Because “To Be” was originally designed as a single 90-minute episode before being expanded into two one-hour episodes, I want to reserve judgment on it until I’ve seen the whole thing. (FX sent both parts out for review, but I have deliberately held off on watching “Act 2” until I finished writing this, so my commentary won’t be colored by what you haven’t seen yet. I can’t always do that, but this time, I can, so I am.) Instead, I’m just going to offer thoughts on a few specific points:

The unsinkable Clay Morrow: Not exactly the Doc Brown resolution, but he ain’t dead, because Opie turns out to be a really terrible shot at close range(*). Now, we seem to be heading down a road where Jax can kill Clay in the finale, but even if that happens, it won’t make the end of last week’s episode any more of a cheat.

(*) Jax, on the other hand? Such an amazing freaking pistol shot that he’s able to put a bullet in the head of one of the Niner drivers while firing backwards from a moving motorcycle. I’m not sure even Bullseye from Marvel Comics could pull that one off.

It’s like I said last week: Opie’s not the hero of this story, Jax is, and you can’t have the hero’s best friend solve the biggest moral dilemma in his life for him. But from any viewpoint other than one predicated on the structure of “Sons of Anarchy,” Opie was a perfectly acceptable, deserving person to be given that job, and given recent events, it seemed not only logical to have him do it, but almost improbable to have him not do it. Had Jax actually carried out his threat to shoot Opie before Opie shot Clay, that might have seemed fair narratively, even if I would have been frustrated that Clay managed to once again survive because other characters have been kept in the dark about what he’s up to. Doing it this way, on top of Juice preparing to lynch himself, only to be saved by a broken tree branch, feels like the show trying to have its cake and eat it, too. It wants to build to these big moments and make you feel the emotional weight of them, but it doesn’t want to actually deal with the implications of it. If Juice successfully hangs himself, not only is he off the show, but the Potter story dead ends. If Opie kills Clay, then Tara and Gemma can’t have their little battle for Jax’s soul.

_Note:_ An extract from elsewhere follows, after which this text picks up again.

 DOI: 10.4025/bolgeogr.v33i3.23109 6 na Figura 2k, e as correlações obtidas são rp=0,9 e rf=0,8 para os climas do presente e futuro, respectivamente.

It’s possible that what Jax does in “Act 2” will be good enough to justify all the contrivances to get us to this spot. But I spent a lot of the Clay-related scenes in “Act 1” sighing at Opie’s bad aim, at Tig immediately falling back into Clay’s corner, etc.

I learned it from watching you!: If there was one part of “Act 1” that felt sort of like a story in and of itself – and an extremely effective one, at that – it was Tara and Gemma each trying to manipulate Jax to their own ends: both wanting Clay dead, but one wanting that action to be the end of his life with SAMCRO, the other wanting it to be the thing that cements his position within the club. In the end, the student appears to become the teacher, as Tara applies all the lessons Gemma taught her and reminds her that, all other things being equal, a man will choose his old lady over his older mother.

It was a great hour for Maggie Siff, who over the past four years has had to play a character whose motivations and emotions vary wildly depending on the needs of the plot. I don’t know that the Tara this week exactly tracks with various other Taras we’ve seen over the years, but I believe that this would be the end result of all the recent events in her life. She wants out, immediately, and if she has to go full Lady Macbeth to remove Gemma’s claws from Jax, then she’ll do it.

I do wonder where the show can go with Gemma now, though. I mean, Jax will probably wind up staying in Charming – or else split town at the end of this season and return for some reason next – but her power and prominence on the show rested on her being the trusted wife of Clay and revered mother of Jax. If Clay winds up dead, or in exile, or back in power but remembering how Gemma treated him before he got shot, what does she have? She’s spent this entire season scrambling around to keep her two men in line and in town, always insisting to Wayne that she has a brilliant plan, and all of her plans have been fairly idiotic and ineffectual. Would Sutter make a show where Gemma is marginalized? I would tend to doubt it, but, like Clay, she seems to have outlived her usefulness. 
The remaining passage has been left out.